Sonntag, 15. 12. 2002,  6.55 Uhr - 7.00 Uhr Österreich 1

 

 

Univ. Ass. Dr. Hellmut Santer, Evang.-theol. Fakultät der Universität Wien

Es gibt eine Form von Armut unter uns, die besonders jetzt vor Weihnachten grassiert und die nicht mit Geld oder Spenden zu bekämpfen ist. Diese Armut zieht sich durch alle Bevölkerungsschichten und Berufsgruppen: arm sein an Sinnerfahrung.

Entblößte und nackte Seelen laufen durch die Straßen und Geschäfte. Die Hände vielleicht mit Geschenken bepackt, die Körper mit warmen Jacken bedeckt - aber die Augen betteln um einen Funken Wärme und Ruhe, ein Zeichen von Sinn. Den Geschmack des letzten Essens noch auf der Zunge, sind sie doch hungrig nach einem Bissen Leben-Spüren.
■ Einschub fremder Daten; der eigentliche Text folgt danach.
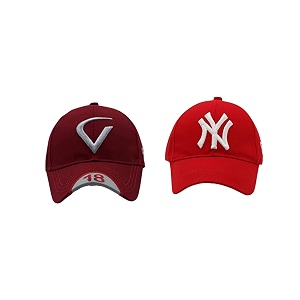 baseball caps for men and women virat cotton blend caps men for all sports workouts gym running cricket caps for boys and girls use red maroon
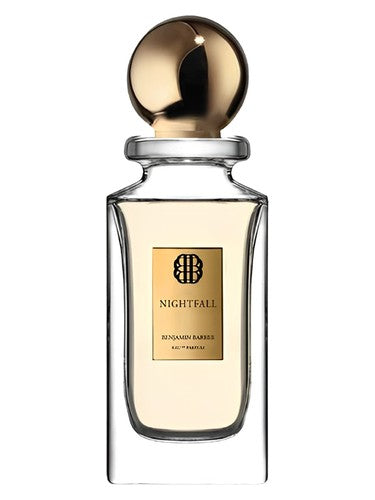 Benjamin Barber Nightfall fragrance bottle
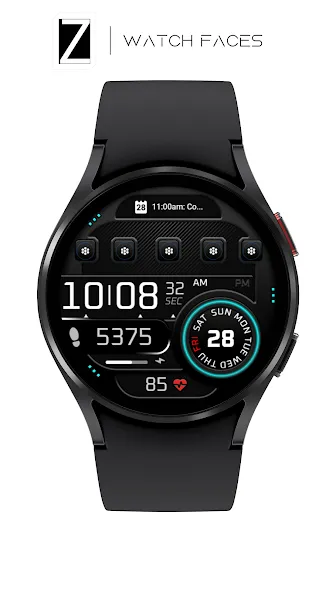 OZ502s Digital Watch Face screenshot 5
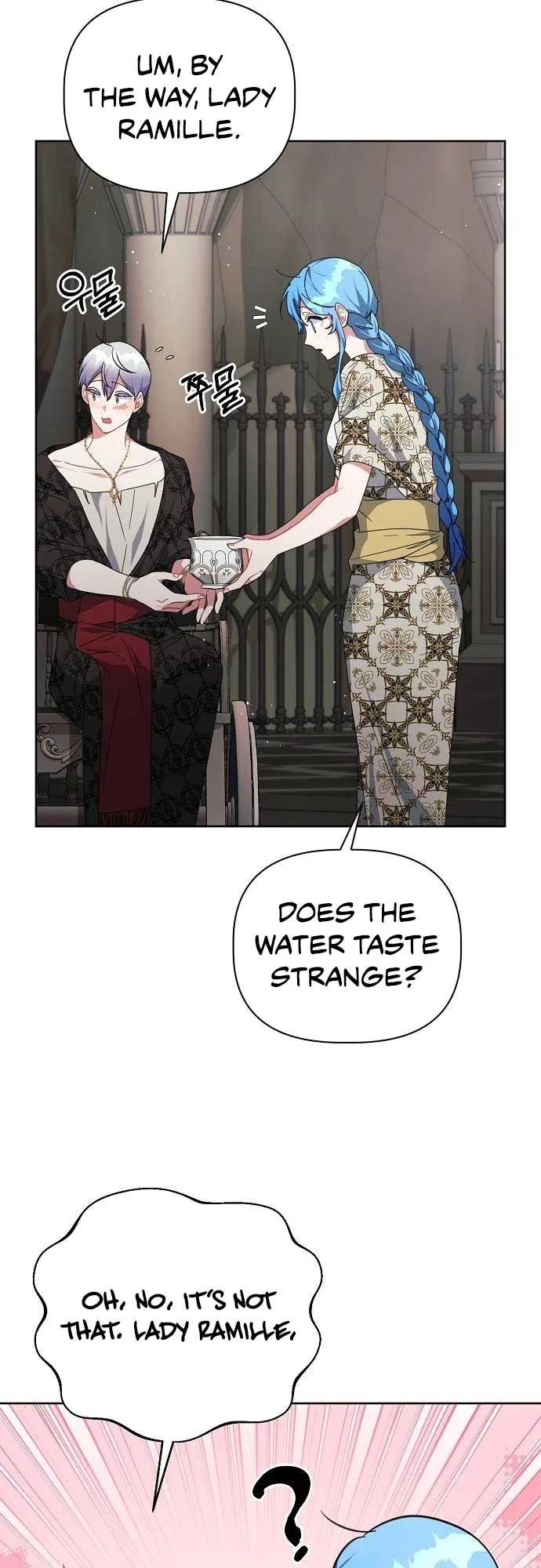 A Flowery Path for the Devastated Male Lead Chapter 21 page 10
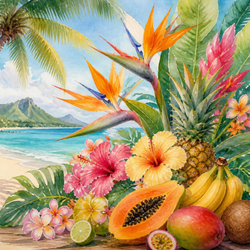 BIRDS OF PARADISE
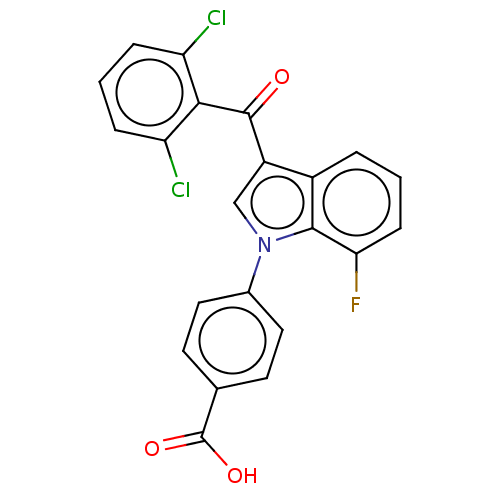 Chemical structure of BindingDB Monomer ID 364370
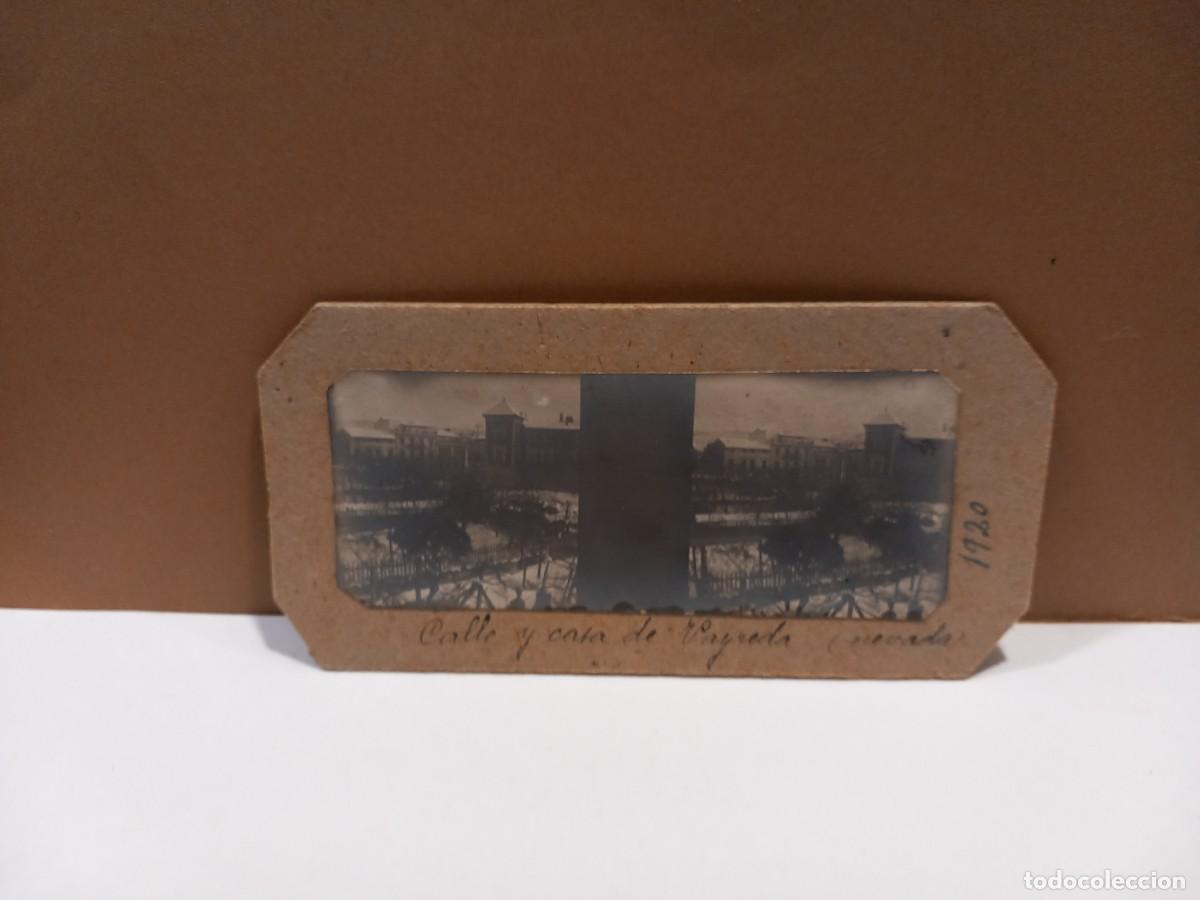 Fotograf&iacute;a antigua: FOTOGRAF&Iacute;A ESTEROSC&Oacute;PICA ORIGINAL A&Ntilde;OS 20-30 / COMPRA MIN&Iacute;MA 5 &euro; (LOTE 4)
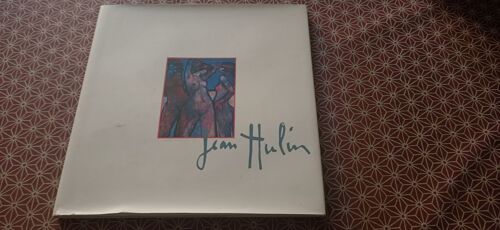 Jean Aubert - Jean Hulin. Envoi Autographe Et Dessin Original De Jean Hulin À La 1ère Garde (Daté 2010). Edition Jean Aubert (Sans Date, 1993)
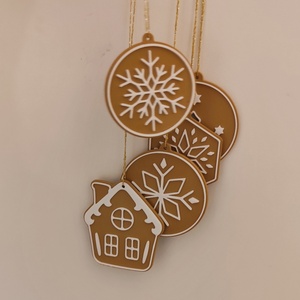 Karácsonyfadísz , Karácsony, Karácsonyi lakásdekoráció, Karácsonyfadíszek, Mézeskalácssütés, Mindenmás, MESKA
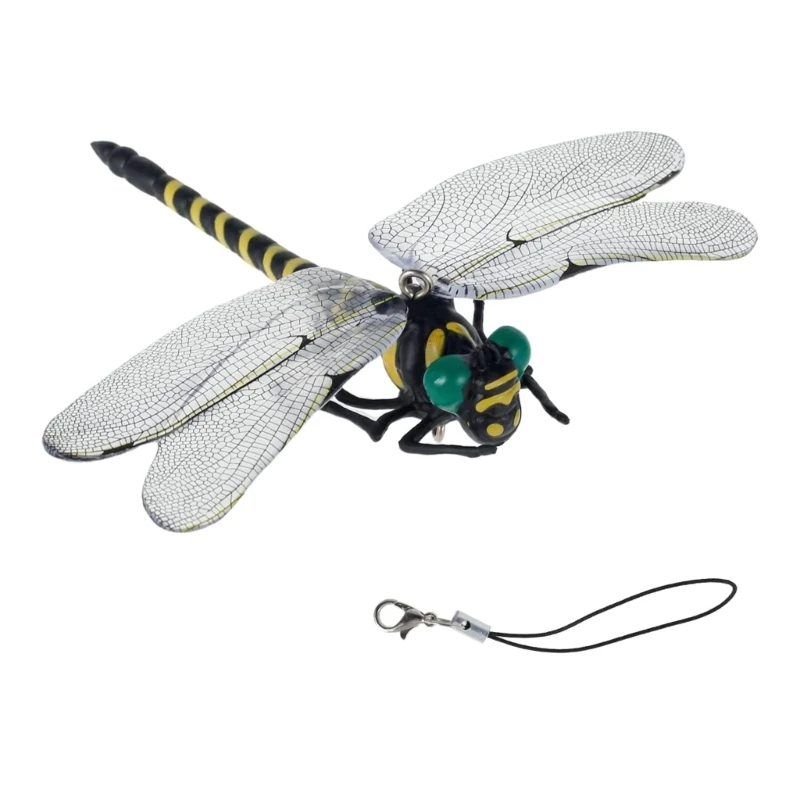 

Adult Camping Hiking Simulation-Dragonfly Insect-Repellent Tools Outdoor Decors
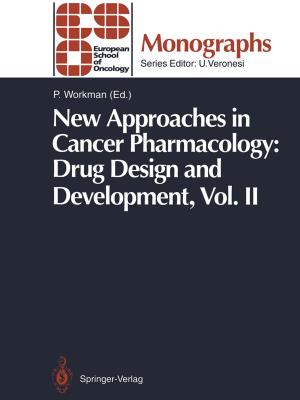 Cover of the book New Approaches in Cancer Pharmacology: Drug Design and Development by 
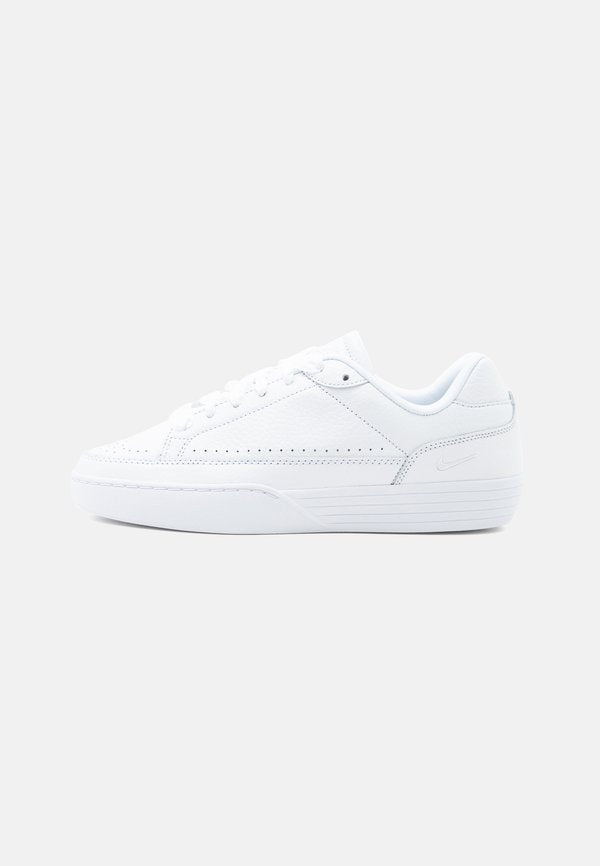 Nike Sportswear TENNIS CENTRE - Trainers - white/court purple/gorge green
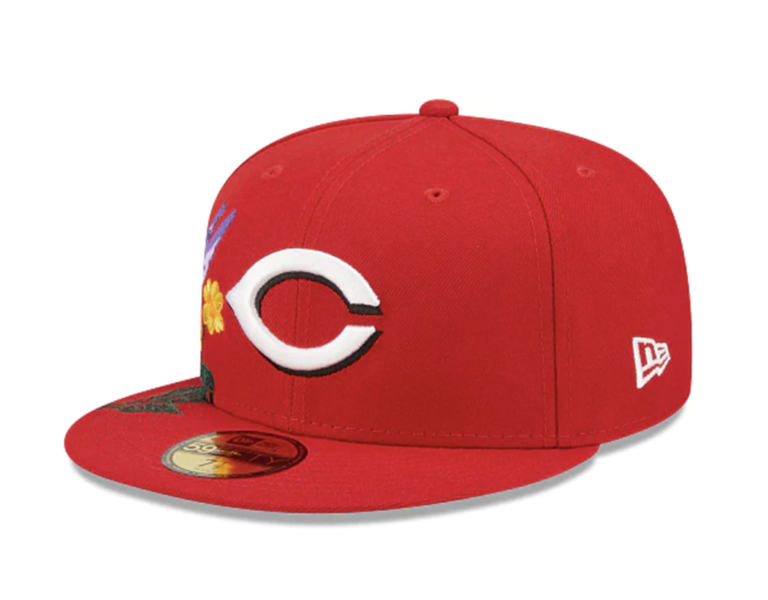 New Era CINCINNATI REDS BLOOMING FITTED 6024343030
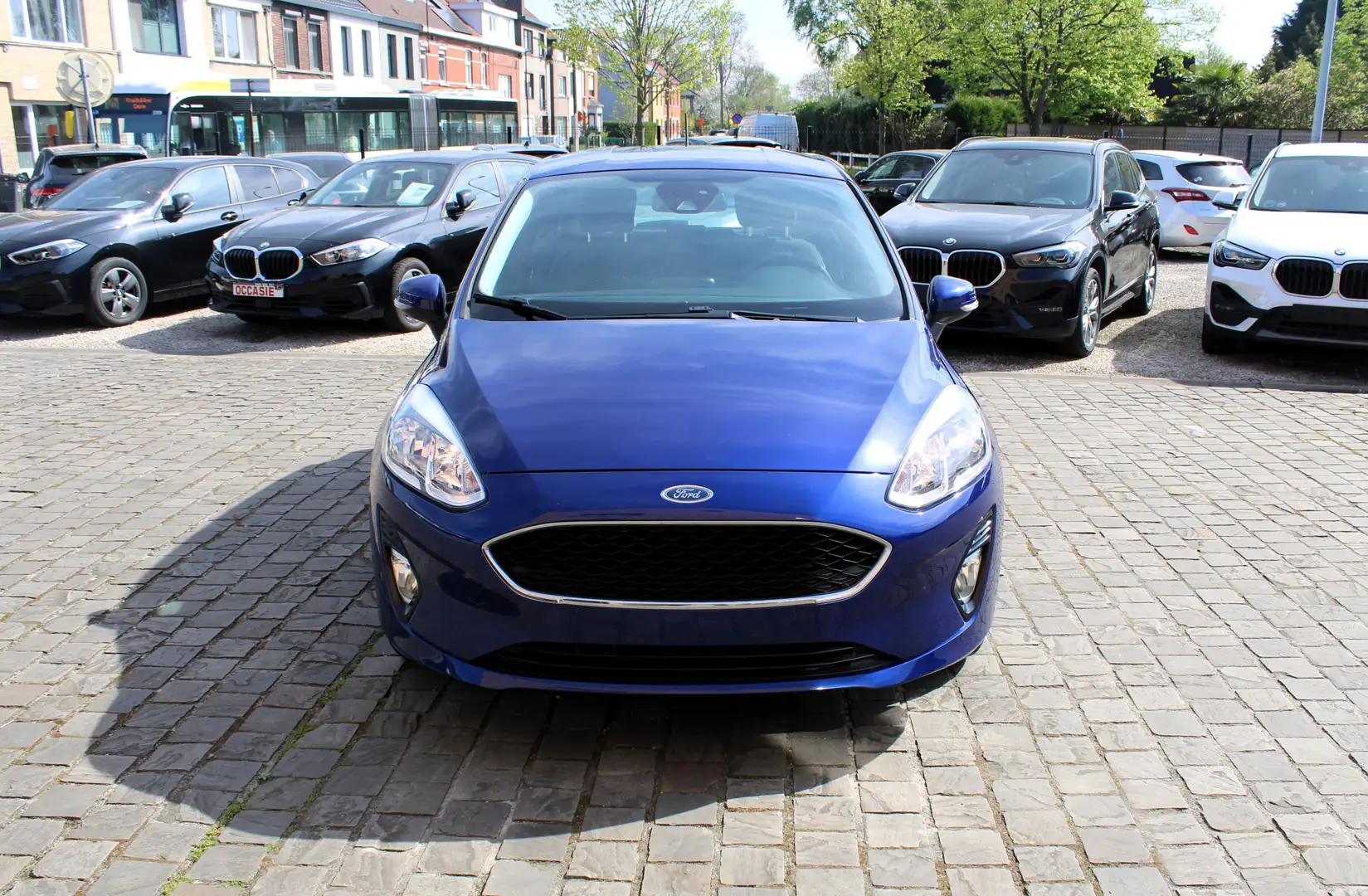 Ford Fiesta 1.1i Business Class 45000km !!! Bleu - 2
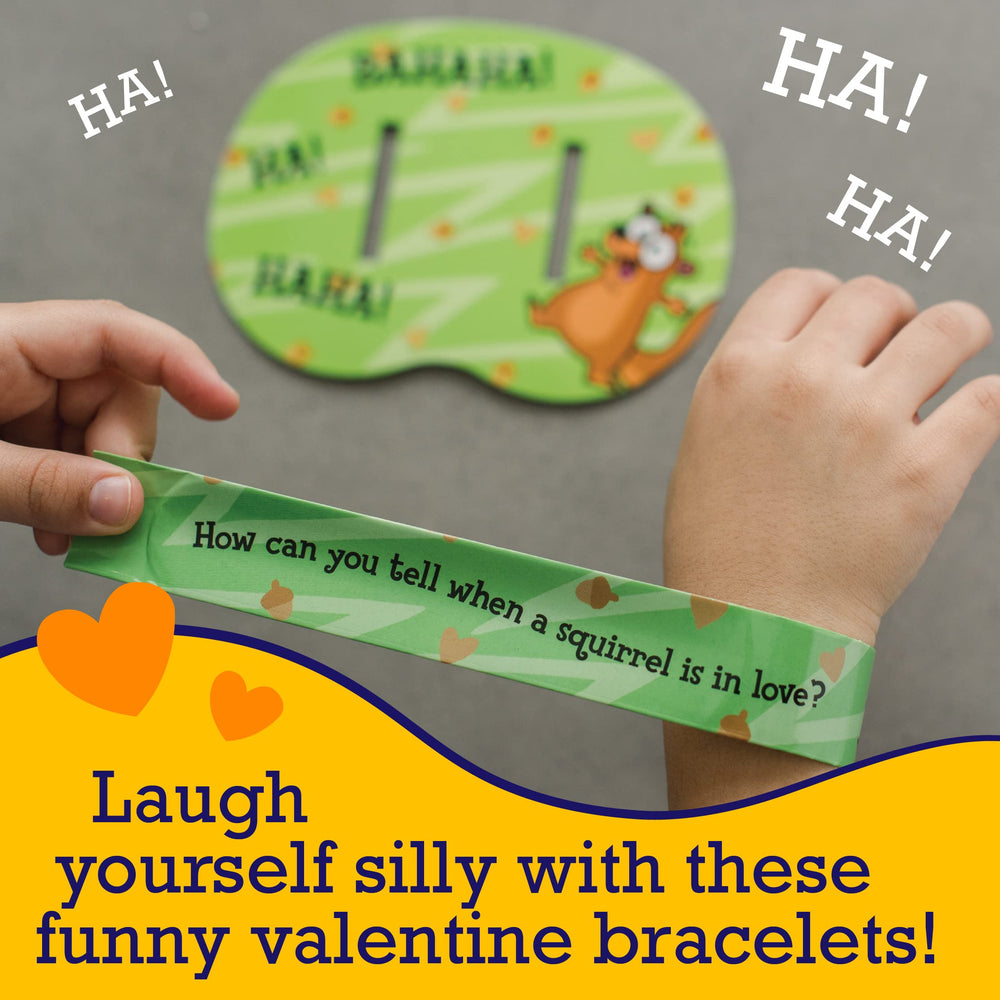 Kids exchange valentines during class with the Peaceable Kingdom set.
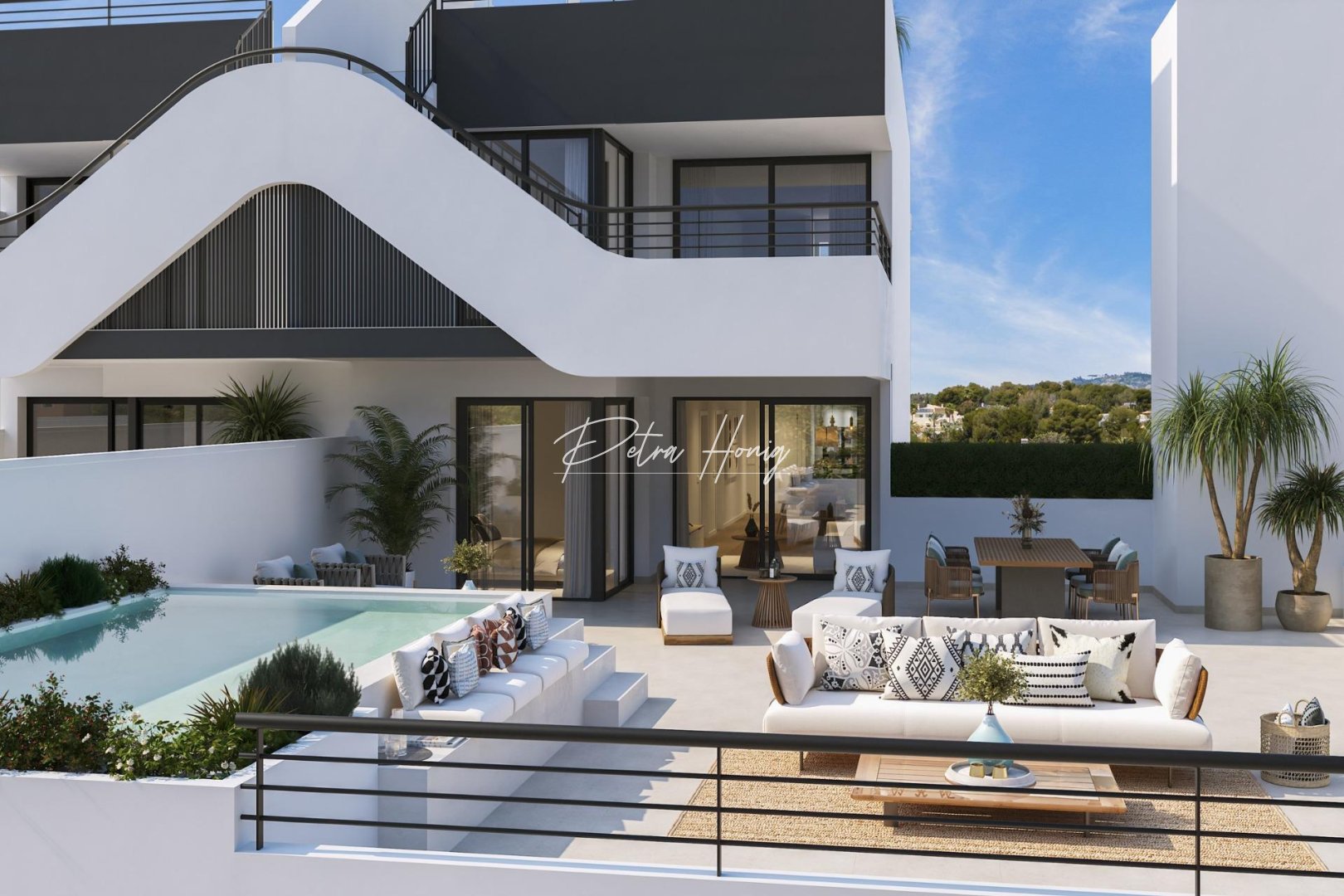 Neubau-Projekte - Apartment - Other areas - Alfaz del Sol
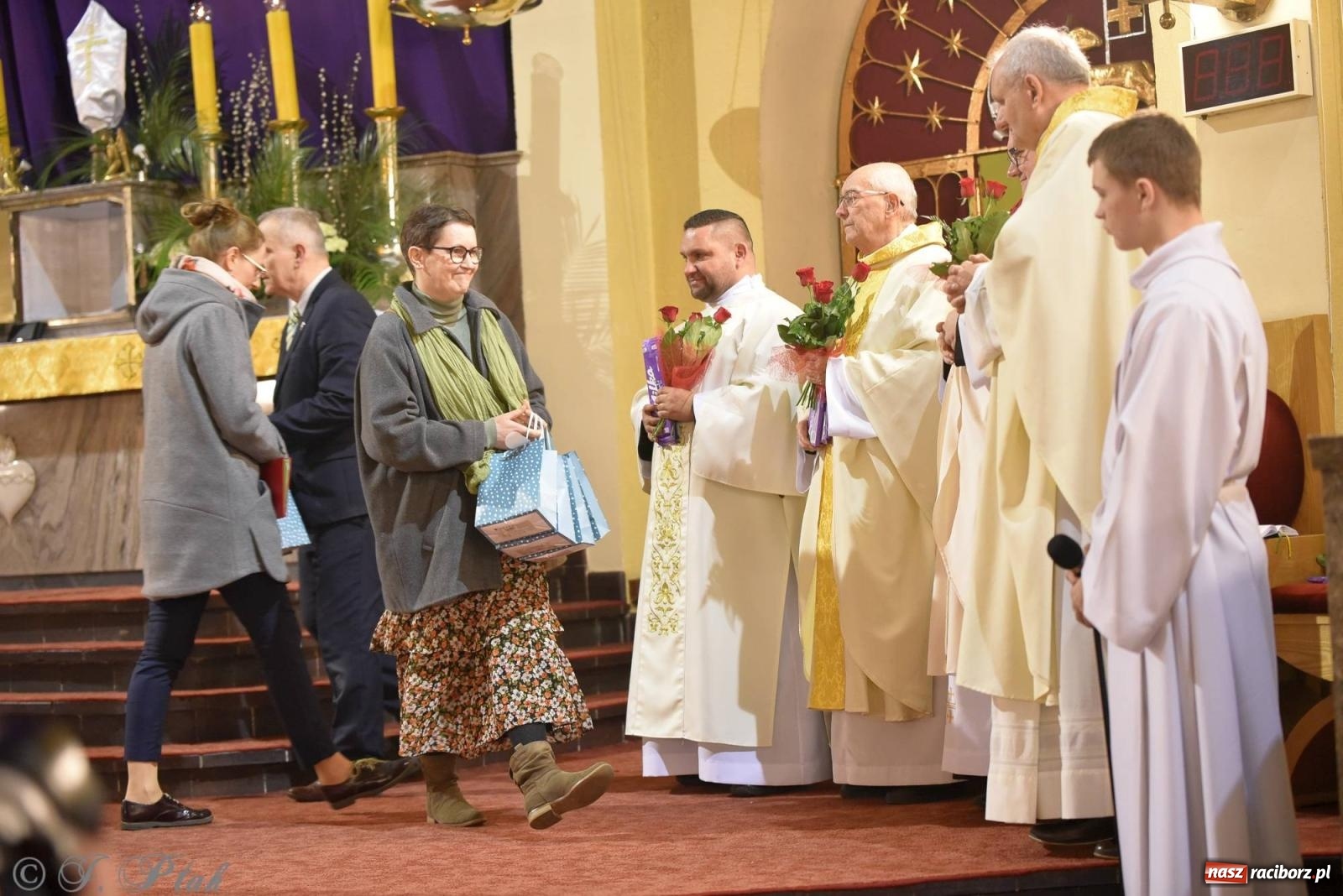 Zdjęcie w galerii na portalu naszraciborz.pl: Wielki Czwartek w raciborskich parafiach WNMP i NSPJ [FOTO i WIDEO] wiadomości z regionu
In keiner Zeit des Jahres sind freie Plätze in den Beratungsstellen und den psychotherapeutischen Praxen so gesucht wie jetzt vor Weihnachten. Überall in den Straßen funkeln die Lichter, über Tage und Wochen wird dieser eine Abend vorbereitet; in den Firmen und an vielen anderen Stellen wird vielleicht noch rasch eine kleine Adventfeier organisiert, um ein wenig Stimmung miteinander zu erzeugen; gerade dann aber wird es für manche besonders eng ums Herz. Die Stimmigkeit im Leben fehlt und das Schuhwerk für die Wanderung durchs Leben fühlt sich löchrig an.

Wenn wir einem Tag im Jahr so viel Bedeutung verleihen, dann wird die Frage besonders drängend, was in meinem Leben überhaupt Bedeutung hat. Wovon wird mein Leben geprägt und bestimmt, wovon lasse ich mich bestimmen? An welchen Zielen orientiere ich mich? Verwende ich meine Zeit und meine Energie für die richtigen Dinge? Wie soll es weiter gehen? Solche Fragen brennen kalt in den Händen, kriechen als Frage nach dem Sinn im Körper hoch.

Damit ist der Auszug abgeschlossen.